During my first data engineering gig at Amazon in the audience insights team, I took for granted the unit testing of Spark code. Those were Scala functions at the end of day, so it was natural to test them: craft some test inputs, invoke, get a result and assert. Now at a smaller company, and dealing with pure SQL, I see myself missing these a lot. Sure, we test for data quality with DBT notably, but this is not the same at all. It’s much harder to battle your test your code against edge cases. I find myself missing the reassurance, understanding that unit tests grant you, especially when confronted with complex SQL code.
Part of it is bad practice, but to be fair the other part is that SQL tooling is lacking. With Spark, the runtime is typically right there in your environment, which is not the case for SQL. I don’t believe in having a test database for that purpose for many reasons, but depending on the engine one option could be to create a containerized instance in your test environment (i.e. CI/CD) and run the tests on it. Even with DBT, unit testing plugins are clunky at best. The other option is using DuckDB.
I first heard of DuckDB as a “local database that enables reading directly from local CSV files”, during the summer 2022 hype. Another very cool thing with DuckDB is the Python package, which allows you to run DuckDB in your Python programs, and run queries on local pandas Dataframes seamlessly.
import duckdb
import pandas as pd
df = pd.DataFrame([{"a": 1}, {"a": 2}])
duckdb.sql("select max(a) from df").df() # => [2]
Hence it clicked: you could construct test Dataframes in your test suite, “inject” them in your query by naming them the same as the relations in your query, run the query, and get back a result Dataframe that you can run assertions on.
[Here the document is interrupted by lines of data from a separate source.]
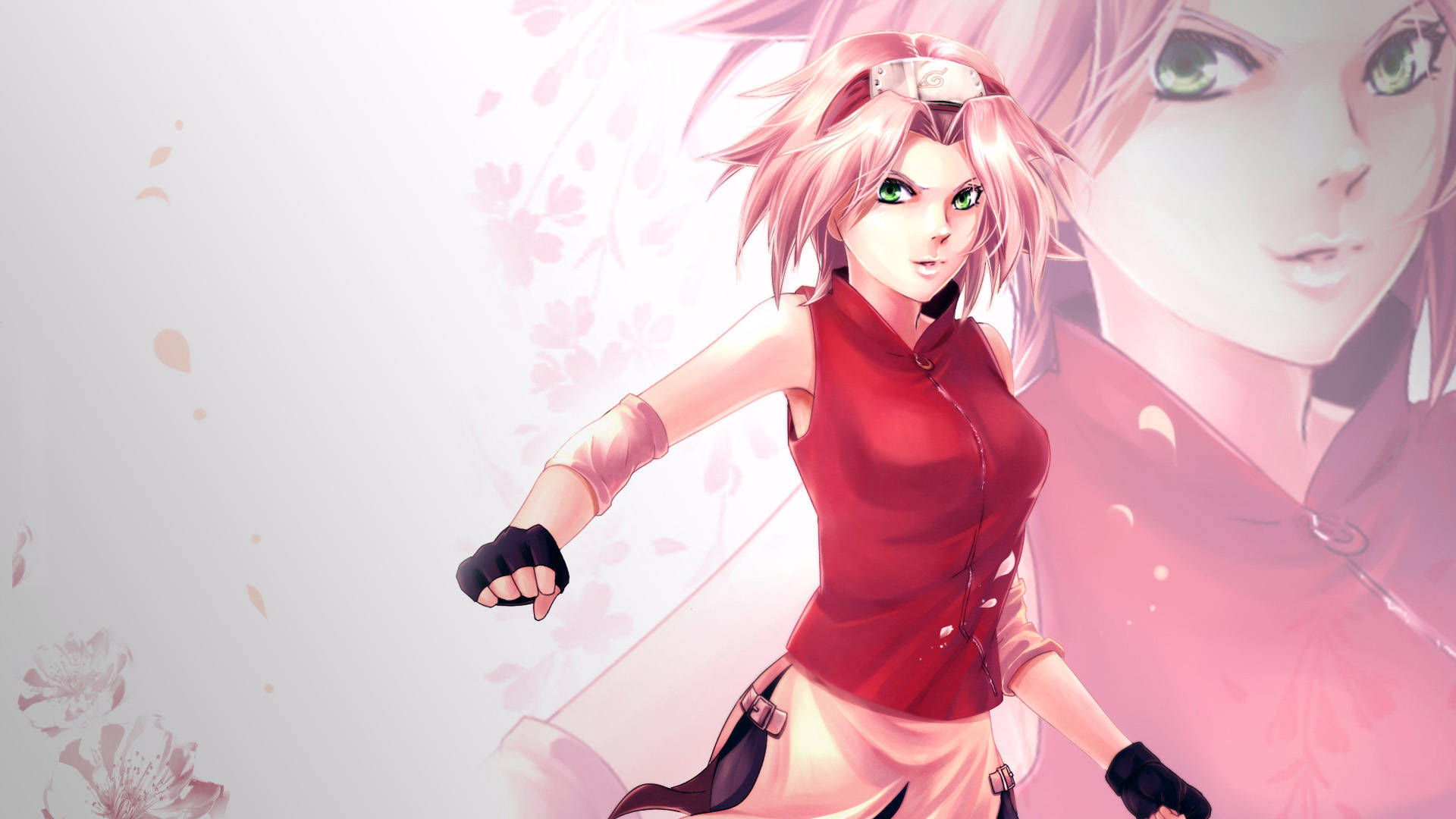 Naruto Anime Sakura Angry Face Background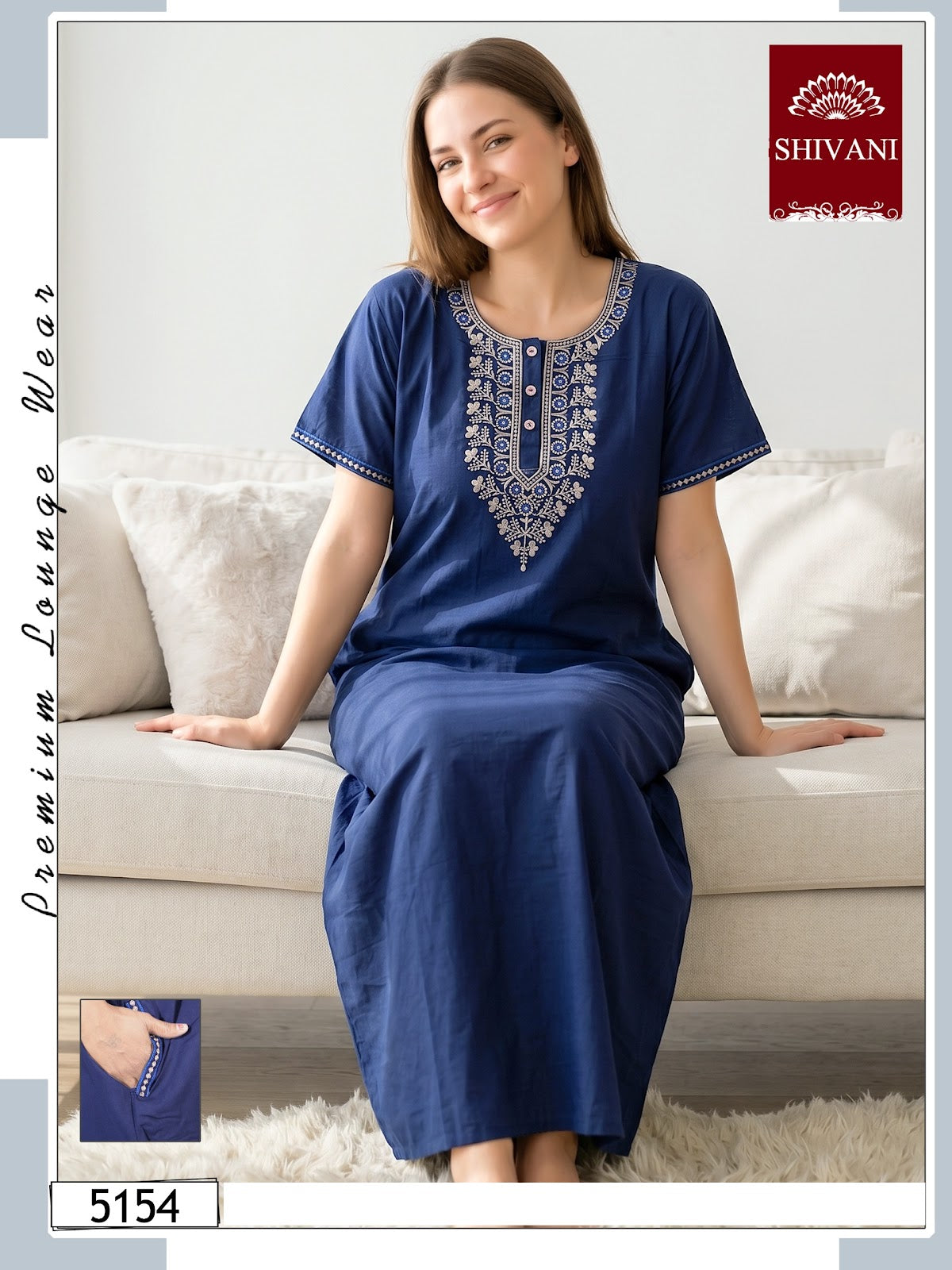 Design 5153-5160 Shivani Lizzy Bizzy Night Gowns Wholesaler Ahmedabad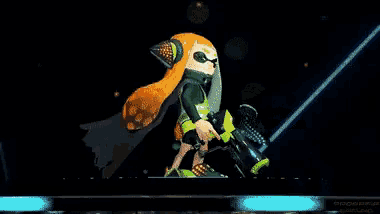 a close up of a cartoon character with a black background and the word gaming on the bottom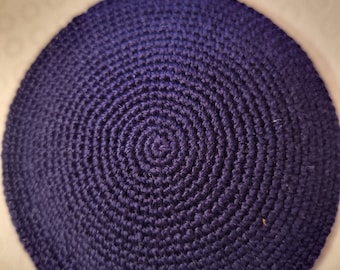 Kippah 9cm thin neat knitted Yamakah Kippot DMC thread Judaica crochet Yarmulkah JUIF כיפה ירושלים From Jerusalem Jewish Cap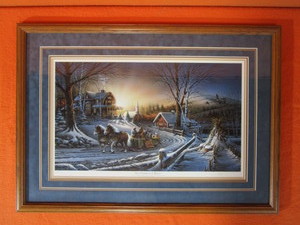 lot 122 image: Terry Redlin S&N Framed Print 949224500 The Pleasures Of Winter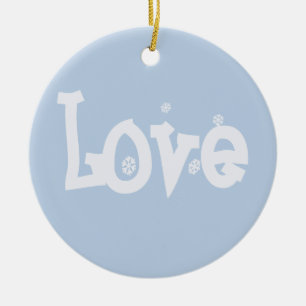Love Ceramic Tree Decoration
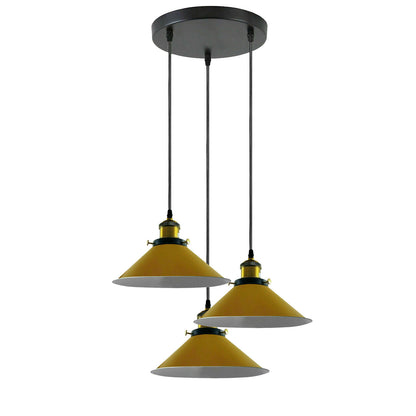 Industrial Vintage Metal Retro Ceiling Yellow Pendant LampShade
For example in a current side project, I am dealing with the following query to compute the typing speed of a user:
with time_windows as (
select
generate_series as window_start
from
generate_series(
now() - interval '6 hours',
now(),
interval '15 minutes'
) as window_start
),
type_intervals as (
select
window_start,
source_url,
session_id,
record_time,
lead(record_time) over (
partition by window_start, source_url, session_id
order by record_time asc
) - record_time as interval_to_next_event,
is_return as is_error
from keyevents
join time_windows on
record_time >= window_start and
record_time < window_start + interval '15 minutes'
order by record_time asc
),
flows as (
select
*,
case
when lag(interval_to_next_event) over (partition by window_start, source_url, session_id order by record_time asc) > interval '5 seconds' then 1
else 0
end as flow_indicator
from type_intervals
),
grouped_flows as (
select
*,
sum(flow_indicator) over (
partition by window_start, source_url, session_id
order by record_time asc
) as flow_id
from flows
),
stats_by_flow as (
select
window_start,
source_url,
session_id,
flow_id,
avg(extract(milliseconds from interval_to_next_event)) as avg_type_speed,
count(*) as event_count,
sum(cast(is_error as int)) as error_count
from grouped_flows
group by window_start, source_url,session_id,flow_id
having count(*) > 1
)
select
window_start,
sum(avg_type_speed * event_count) / sum(event_count) as speed,
coalesce(
stddev(avg_type_speed),
0
) as volatility,
sum(event_count) as event_count,
sum(error_count) as error_count
from stats_by_flow
where event_count > 1
group by window_start
order by window_start desc
Let’s say for example that I want to test if the weighted average of typing speed is correctly computed. I can generate a time series with 75% of records at a speed of 8 and 25% records at a speed of 3, so that I know what output to expect:
import duckdb
import pandas as pd
from datetime import datetime as dt, timedelta
def make_event(t, source_url="example.com", session_id="1", is_error=False):
return {
"session_id": session_id,
"source_url": source_url,
"record_time": t,
"is_return": is_error
}
keyevents = pd.DataFrame((
[ make_event(now - timedelta(milliseconds=k * 3)) for k in range (10)] +
[ make_event(now - timedelta(milliseconds=k * 8 + 55), source_url="google.com") for k in range (30)]
))
Then, as I am naming my DataFrame in the same name as my real table, Duckdb will use it to compute the query, and I can run my test simply as follows, get back a dataframe and run some assertions on it. Here I know the expected number of return rows and the expected typing speed weighted average.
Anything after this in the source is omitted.